Reviewed by Steven H Silver
At the World Science Fiction Convention in Baltimore in 1998, Allen Steele’s novella “Where Angels Fear to Tread” was awarded the Hugo Award for Best Novella. This story forms the basis for Steele’s new novel, Chronospace, in which Steele examines the lives of his characters both before, after and adjacent to the original story’s events.
When the novel begins, David Zachary Murphy is a NASA scientist who has been called on the floor to account for the conjectures he has published in Analog. Not only is this the start of a story about time traveling and multiple worlds, but also a look at how science fiction inspires scientific endeavors.

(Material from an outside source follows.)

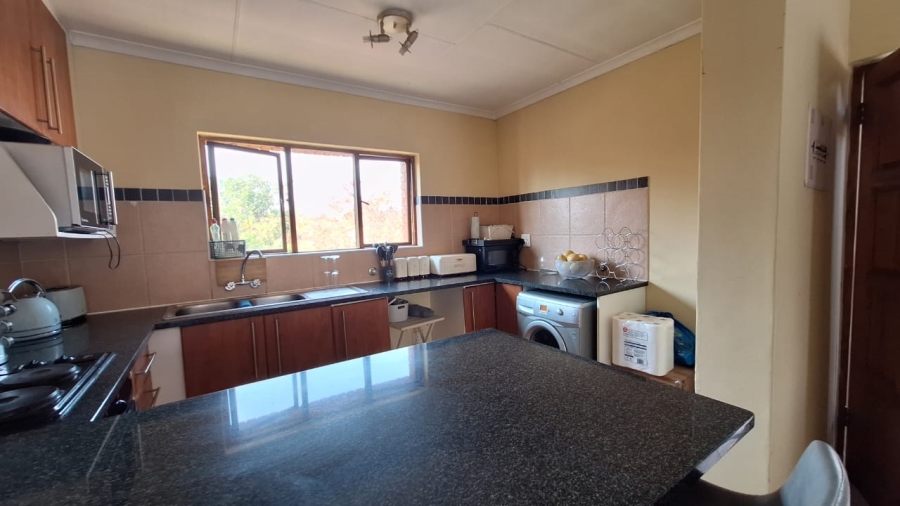 2 Bedroom Property for Sale in Monavoni Gauteng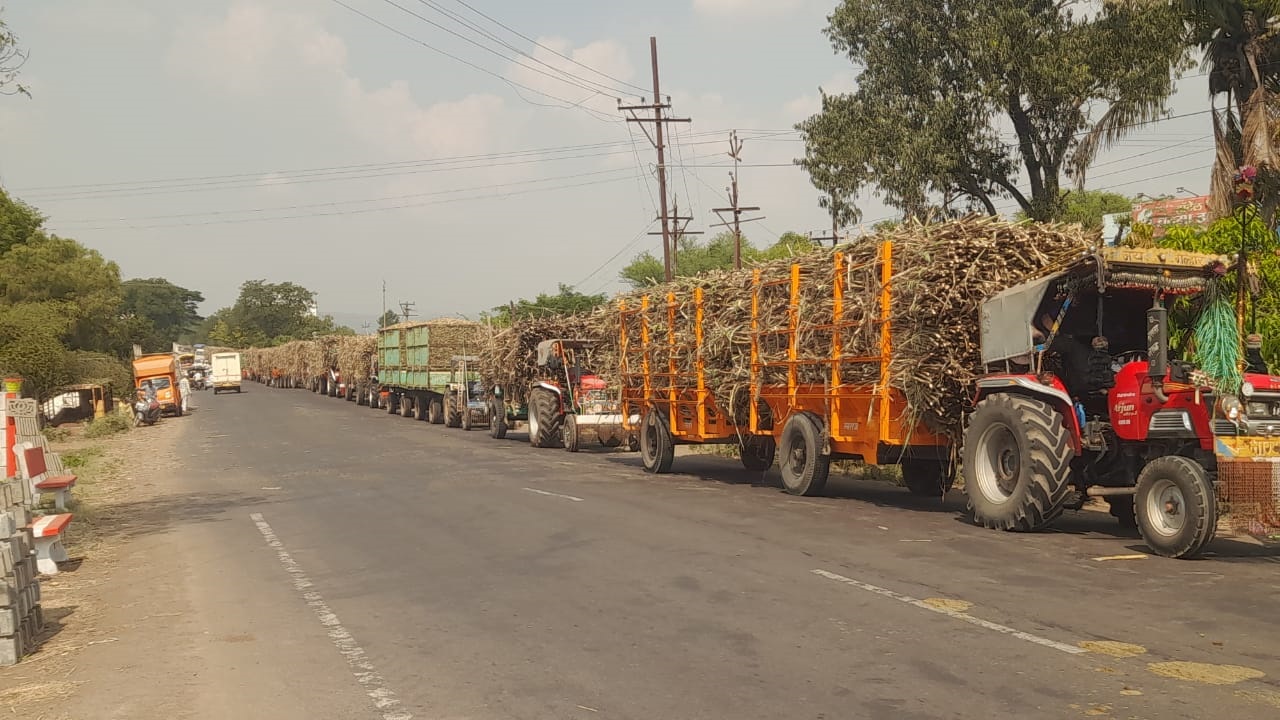 कराड उत्तरमध्ये स्वाभिमानी शेतकरी संघटनेचे आंदोलन; ऊस वाहतूकच रोखली, 3 किलोमीटरपर्यंत रांगा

Murphy's job, first at NASA, later at the Office of Paranormal Sciences and finally at ICR are all based on the interest which was engendered when he read Astounding and Ace Doubles during his formative years. While the fiction in the magazines no longer directs his research, it is responsible for the underling interest and inquisitiveness he brings to his various jobs. On a metafictional level, Steele appears to be having fun, mentioning his various colleagues and even providing a cameo appearance by author Gregory Benford.
While the theme of science fiction in science plays throughout the novel, the more concrete and apparent theme is engendered by the time travelers, Franc Lu and Lea. Although Steele provides some hints about their own time, three centuries in our future, they spend the majority of the novel in the 1930s and 1990s. Rather than making them active participants in the formation of history, Steele sends them back merely to witness the Hindenburg disaster. Their presence alters the reality in a manner which they are unaware, but which brings them into contact with Murphy and creates a variety of anachronisms which must be resolved. Steele handles the multiple timelines well, without resorting to too many expository passages.
The progress of the novel isn’t always smooth. Steele switches back and forth between Murphy and the time travelers who have been sent back to the Hindenburg disaster. This type of interweaving of plots and main characters, however, is common. Steele’s story suffers (a little) when he switches between timelines. Although it quickly becomes apparent what Steele is doing, he disrupts the continuity a little while the reader becomes reacquainted with the revised backgrounds and situations.
Chronospace handles the idea of multiple worlds and alternative history in a much more straight-forward, less in-joke manner than his earlier (unrelated) novel, The Tranquillity Alternative. This new take demonstrates Steele's growth as a writer and ability to handle his themes more consistently.